I was admitted to hospital with a severe migraine and vomiting which started early morning. Mum and sister was extremely worried so decided to call an ambulance as I couldn't even keep water down. Until now I had managed my PV fairly well, although regular venesections had left me anaemic and hydroxy no longer worked for me. I have been a part of the Majic Trial for about 4 weeks. The guys in the ambulance had never heard of my condition and decided not to treat me.

Fast forward - four/five hours later (went into hospital at about 2.00pm) and I still had not been seen by a doctor. My sister was getting frustrated with having to repeat herself all the time about my condition and to make things even worse, I started to experience chest pains. We could see that A&E at Whipps was extremely busy so my sister decided that it was necessary to become a little more 'assertive' and this seemed to work! I was immediately treated for the chest pains, dehydration, migraine and a high temperature.

The next day I was told that I had a heart attack, possibly caused by mayocarditis. I am waiting for some further tests. The experience has left me shaken, shocked and frustrated with the number of times my sister and I had to explain the details of PV. Some of the consultants/nurses at Whipps Cross had never heard of it!!

On Tuesday 7th April I managed to buy the Daily Mail which contained an excellent copy of an article written by Dr Phil Hammond entitled "Survival Guide all NHS Patients Must Read". I don't believe in coincidences and I share this with you all because I think that it is of vital importance to us. Here's the link for those of you who are interested in this.

Hope the link works as I'm not too good at this!

Nowadays I try to stay as positive as I can. I'm still on the Rux which we feel was not responsible for this episode and I'm recovering fairly well. When I was first diagnosed I think that I was in denial and refused to let this condition beat me. Now I'm not sure how I feel. I thank the consultants and nurses for the quality of care given to me at Guys Hospital and I am totally confident that they do the very best they can for me. Let me know what your views are on the article.

6 Replies

  • Hi Chelsea you poor thing. You have had a really bad time, I hope things will improve very soon for you. I think the article is quite scary as we do trust the medics to do their best for us. I have been lucky so far as any medics I have come into contact with seem to understand PV. Mind you for all my bone and decompression ops I have gone private as I secured private insurance before I was diagnosed withPV and now that's my treat to myself each month, my premium! I do notice a difference with my gp, haem and clinic nurse who are more open as they know I am a member of this forum and keep myself knowledgeable about my condition.

    But you take care, loads of hugs sent in this reply.xxxxxx Aime

  • Hi Aime and the hugs are gratefully received!
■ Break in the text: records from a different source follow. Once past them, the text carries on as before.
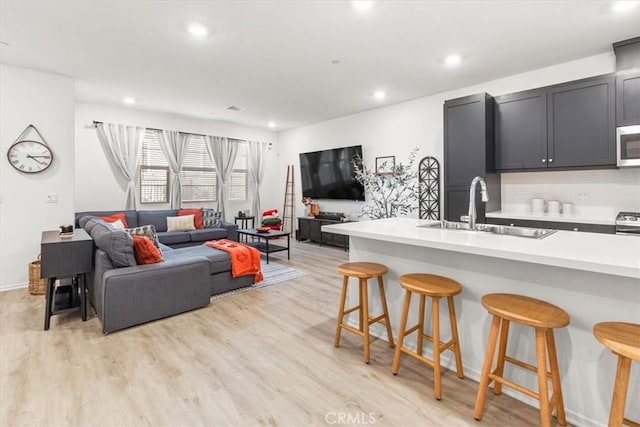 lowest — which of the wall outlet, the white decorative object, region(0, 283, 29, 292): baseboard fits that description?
region(0, 283, 29, 292): baseboard

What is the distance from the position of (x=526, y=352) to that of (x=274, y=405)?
1533 mm

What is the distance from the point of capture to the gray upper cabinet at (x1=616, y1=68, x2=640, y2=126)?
124 inches

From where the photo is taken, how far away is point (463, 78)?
4.36 meters

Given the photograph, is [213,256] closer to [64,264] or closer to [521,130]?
[64,264]

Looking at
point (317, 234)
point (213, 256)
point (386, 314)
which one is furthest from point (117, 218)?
point (386, 314)

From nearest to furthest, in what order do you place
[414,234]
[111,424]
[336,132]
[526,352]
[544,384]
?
[544,384]
[111,424]
[526,352]
[414,234]
[336,132]

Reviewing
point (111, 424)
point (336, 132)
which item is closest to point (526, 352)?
point (111, 424)

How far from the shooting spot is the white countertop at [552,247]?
1.36 m

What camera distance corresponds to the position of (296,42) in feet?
10.9

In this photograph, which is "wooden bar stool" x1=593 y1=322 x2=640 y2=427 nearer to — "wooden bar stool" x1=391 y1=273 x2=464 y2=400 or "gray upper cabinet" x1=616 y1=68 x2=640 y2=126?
"wooden bar stool" x1=391 y1=273 x2=464 y2=400

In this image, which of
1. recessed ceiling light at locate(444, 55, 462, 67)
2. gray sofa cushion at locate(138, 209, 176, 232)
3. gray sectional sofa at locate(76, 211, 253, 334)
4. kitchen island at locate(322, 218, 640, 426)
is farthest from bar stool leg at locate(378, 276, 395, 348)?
gray sofa cushion at locate(138, 209, 176, 232)

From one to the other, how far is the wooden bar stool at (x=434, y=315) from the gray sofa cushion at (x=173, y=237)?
4.50 m

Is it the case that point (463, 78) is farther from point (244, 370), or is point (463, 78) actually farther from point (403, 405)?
point (244, 370)

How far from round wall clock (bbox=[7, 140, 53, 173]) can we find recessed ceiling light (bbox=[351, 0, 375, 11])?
429 cm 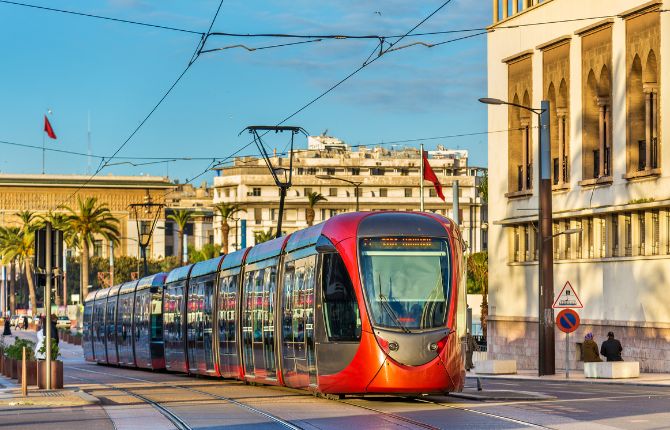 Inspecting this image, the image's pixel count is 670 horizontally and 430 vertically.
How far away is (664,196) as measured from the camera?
43.6m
The heart condition has left me with some numbness in my hands too and typing has become a little more difficult but I can still do things and I consider myself very lucky. All the very best to you Aime and regards xx

  • Hi,

    Sorry to hear about your problems, hope you are doing better now.
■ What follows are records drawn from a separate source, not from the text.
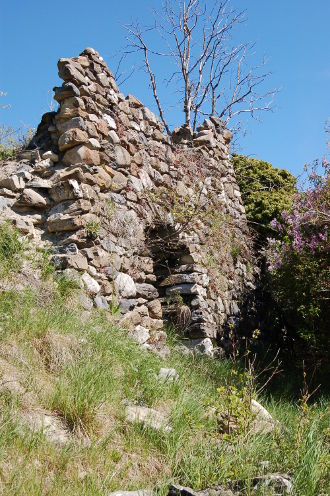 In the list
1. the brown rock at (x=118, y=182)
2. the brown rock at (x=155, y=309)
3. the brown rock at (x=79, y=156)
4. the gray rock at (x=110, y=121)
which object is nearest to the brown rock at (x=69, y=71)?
the gray rock at (x=110, y=121)

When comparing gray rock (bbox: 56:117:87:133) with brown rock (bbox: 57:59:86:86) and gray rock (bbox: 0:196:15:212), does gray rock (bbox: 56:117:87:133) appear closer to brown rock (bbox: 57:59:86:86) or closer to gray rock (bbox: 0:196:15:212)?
brown rock (bbox: 57:59:86:86)

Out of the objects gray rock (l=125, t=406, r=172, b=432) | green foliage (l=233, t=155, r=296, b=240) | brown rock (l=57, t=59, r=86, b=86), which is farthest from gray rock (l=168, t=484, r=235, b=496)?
green foliage (l=233, t=155, r=296, b=240)

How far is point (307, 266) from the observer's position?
21.6 ft

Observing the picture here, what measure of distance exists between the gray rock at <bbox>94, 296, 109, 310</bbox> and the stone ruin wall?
0.04 feet

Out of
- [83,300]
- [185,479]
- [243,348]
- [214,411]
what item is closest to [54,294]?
Result: [83,300]

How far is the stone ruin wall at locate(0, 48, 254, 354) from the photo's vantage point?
5.38 m

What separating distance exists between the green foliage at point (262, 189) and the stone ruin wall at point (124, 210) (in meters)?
1.42

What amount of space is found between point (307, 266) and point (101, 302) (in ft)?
9.22

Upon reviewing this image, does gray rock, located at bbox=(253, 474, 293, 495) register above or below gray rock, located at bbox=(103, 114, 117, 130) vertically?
below

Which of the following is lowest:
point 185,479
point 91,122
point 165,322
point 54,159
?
point 185,479

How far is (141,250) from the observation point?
248 inches

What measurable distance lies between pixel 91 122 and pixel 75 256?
1.73m

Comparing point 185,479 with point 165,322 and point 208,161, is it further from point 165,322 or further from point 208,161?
point 208,161

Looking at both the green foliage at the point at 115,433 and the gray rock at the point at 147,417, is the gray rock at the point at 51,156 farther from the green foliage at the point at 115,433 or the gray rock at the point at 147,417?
the gray rock at the point at 147,417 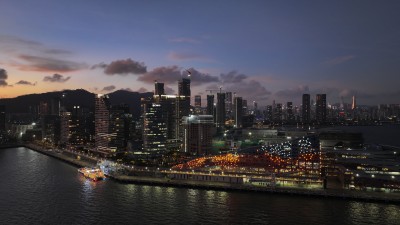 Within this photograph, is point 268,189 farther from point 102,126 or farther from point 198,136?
point 102,126

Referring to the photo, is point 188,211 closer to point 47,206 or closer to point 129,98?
point 47,206

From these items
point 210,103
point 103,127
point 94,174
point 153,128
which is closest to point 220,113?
point 210,103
    I do agree to an extent about medical professionals not understanding the condition. When i was admitted after my varices were found i was sent for more scans, and lots of puzzlement because I had an enlarged spleen.

    When i was booked in for me second CT scan, i asked 'why are you doing it, what are you looking for?', the response was 'we are trying to find out why your spleen is enlarged'. Its been recommended twice by heptoligists to remove my spleen, thankfully my haematoligist has stepped in each time and stopped it.

    I said, its because i have an MPN, but got nothing whatsoever in the way of a response.

    And the nurse that woke me at 1.00am to do a blood pressure test after my liver biopsy, and said 'do you have an alcohol problem?' to which i replied quite short i admit, 'why?', she said 'just trying to understand why you have varices', if you want to know read my notes dont got annoying and upsetting me even more that i was after a traumatic procedure.


    I agree be armed with information and make sure those who who are close to us are too!


  • Hi Paul and many thanks for taking the time to reply. At least I know now that I am not alone with this experience. Wishing you well too Paul!

  • Hi --I am glad you had your sister with you and your mother stepped in and called an ambulance and that you are out an home. What a scary experience. I think after reading your story I am going to carry a print off saying what I have as well as the MPN card.

    Do hospitals have access to any online patient info in the UK? Here in Canada we haven't got that far.

    I just wanted to say hi, glad you have such a feisty family who step in and take care of yourself.

  • Hi jeanr, and many thanks for your reply. Yes it was a very tough experience and its interesting to see how some of us are quite symptomatic while others arnt. Here in the UK we do not have a main database where all hospitals can have access to patient information. I understand that we tried to do this but it was aborted because of the expense.

    Sending you back well wishes and regards.